**Data to examine**
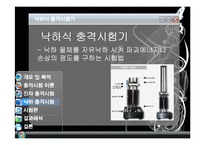 실험보고서 - 충격 시험-10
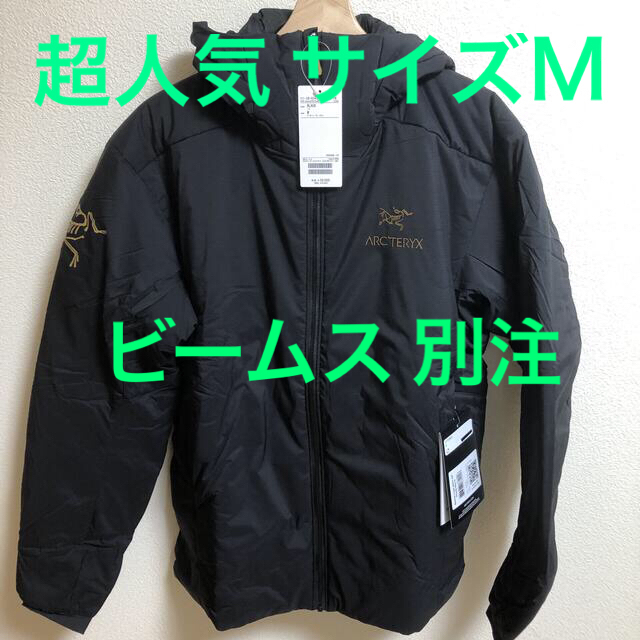 新品未使用　ARC'TERYX × BEAMS  Atom LT Hoody M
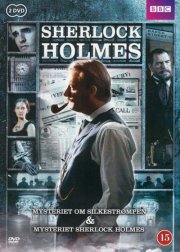the case of the silk stocking // the strange case of sherlock holmes - bbc - DVD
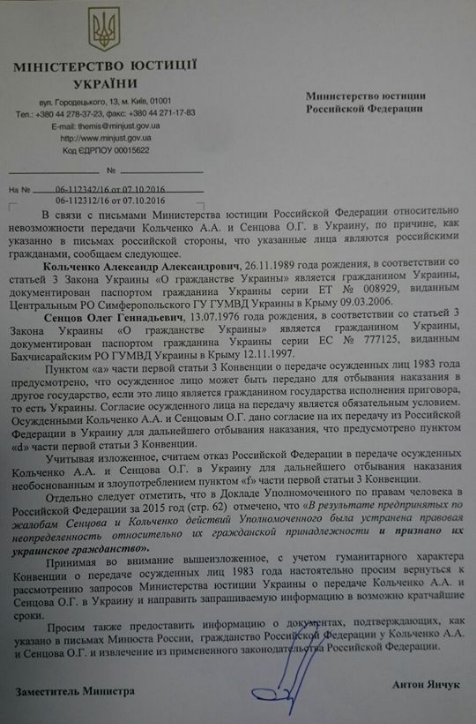 pismo_minyust_ukr_sencov_kolchenko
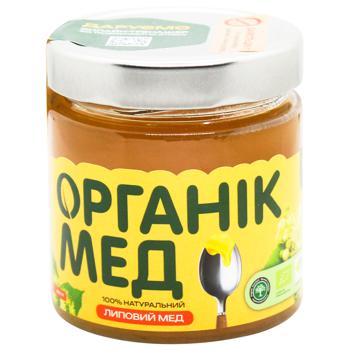 Мед Organat липовой органический 490г - купить, цены на WINETIME - фото 1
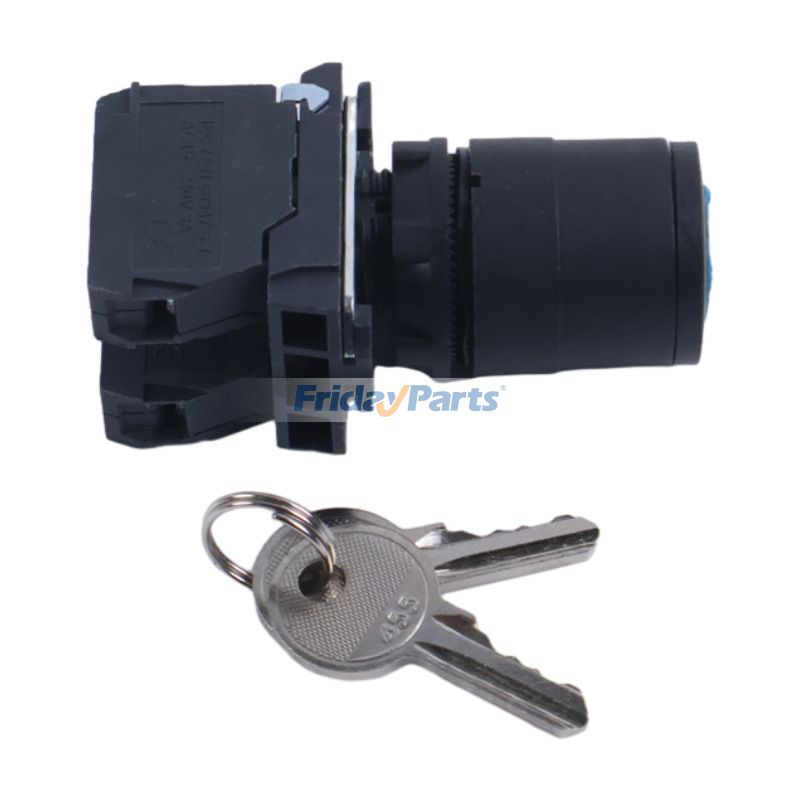 Switch With Keys in Stock in China,China Stock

**Instructions for the task**
Pass over the images and copy the rest of the material above exactly.

**Response for this exercise**
 실험보고서 - 충격 시험-10
 新品未使用　ARC'TERYX × BEAMS  Atom LT Hoody M
the case of the silk stocking // the strange case of sherlock holmes - bbc - DVD
 pismo_minyust_ukr_sencov_kolchenko
 Мед Organat липовой органический 490г - купить, цены на WINETIME - фото 1
 Switch With Keys in Stock in China,China Stock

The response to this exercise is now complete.